===== Excerpted records =====
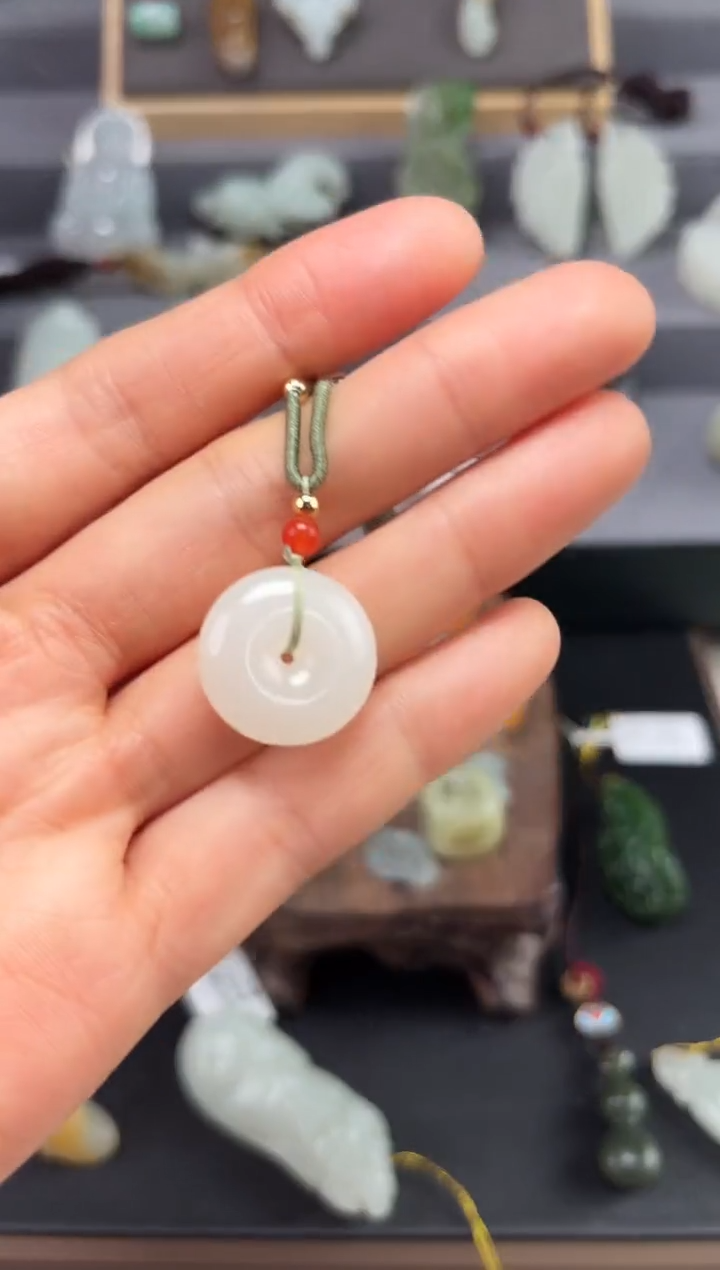 【闪购商品】和田玉颈饰未镶嵌白玉平安扣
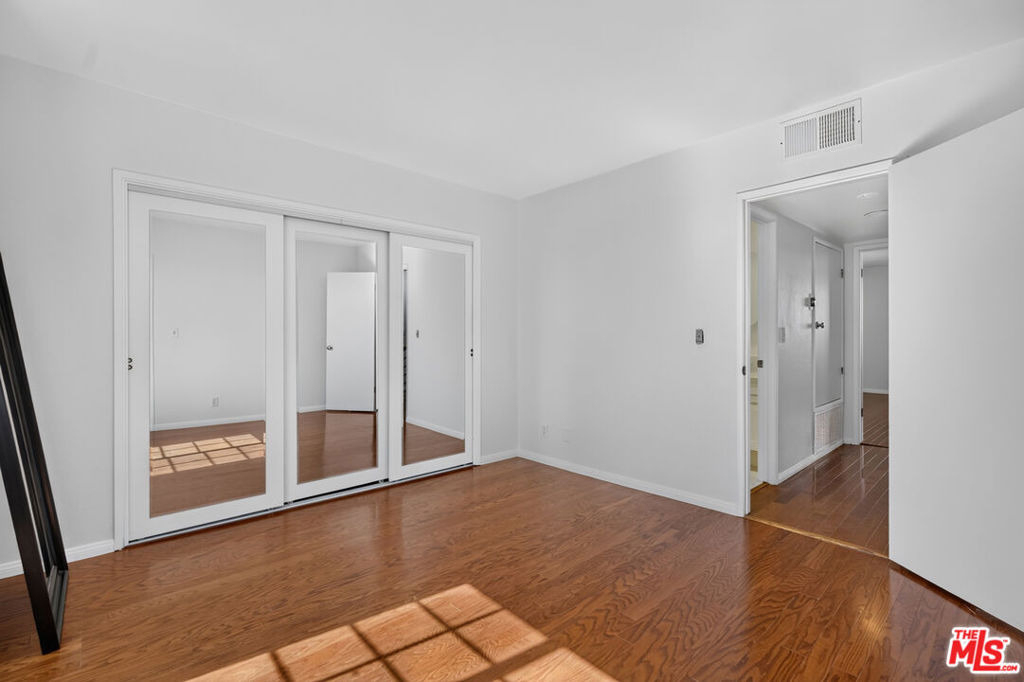 2519 Kansas Avenue - Photo 32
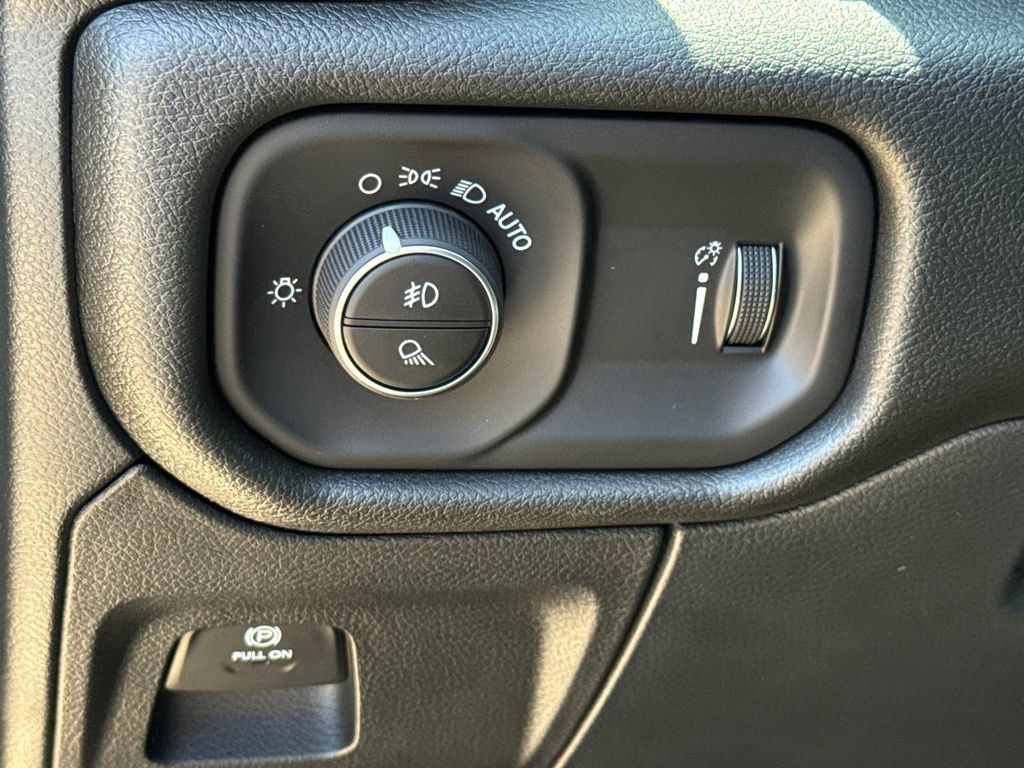 New 2026 RAM 1500 Express RWD image 21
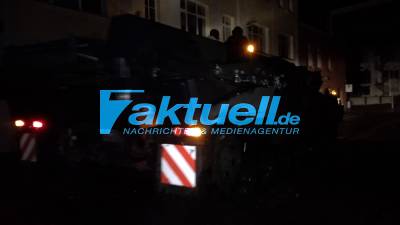 (NRW) Feuerwehrmann stirbt in den Fluten von Altena - Person mit Kajak gerettet - Räumpanzer der Bundeswehr fährt durch offene Straße
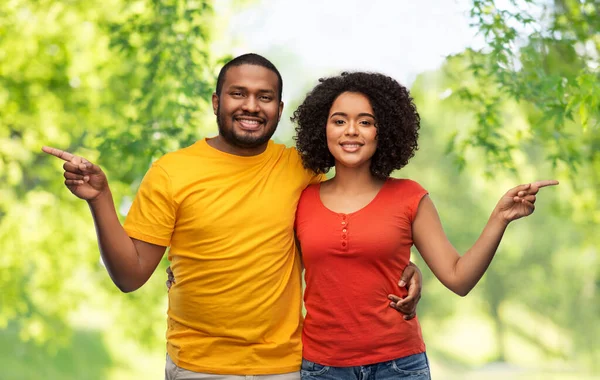 Feliz casal afro-americano — Fotografia de Stock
=====
Leave every image out and retype the entries above word for word.

 【闪购商品】和田玉颈饰未镶嵌白玉平安扣
 2519 Kansas Avenue - Photo 32
 New 2026 RAM 1500 Express RWD image 21
 (NRW) Feuerwehrmann stirbt in den Fluten von Altena - Person mit Kajak gerettet - Räumpanzer der Bundeswehr fährt durch offene Straße
 Feliz casal afro-americano — Fotografia de Stock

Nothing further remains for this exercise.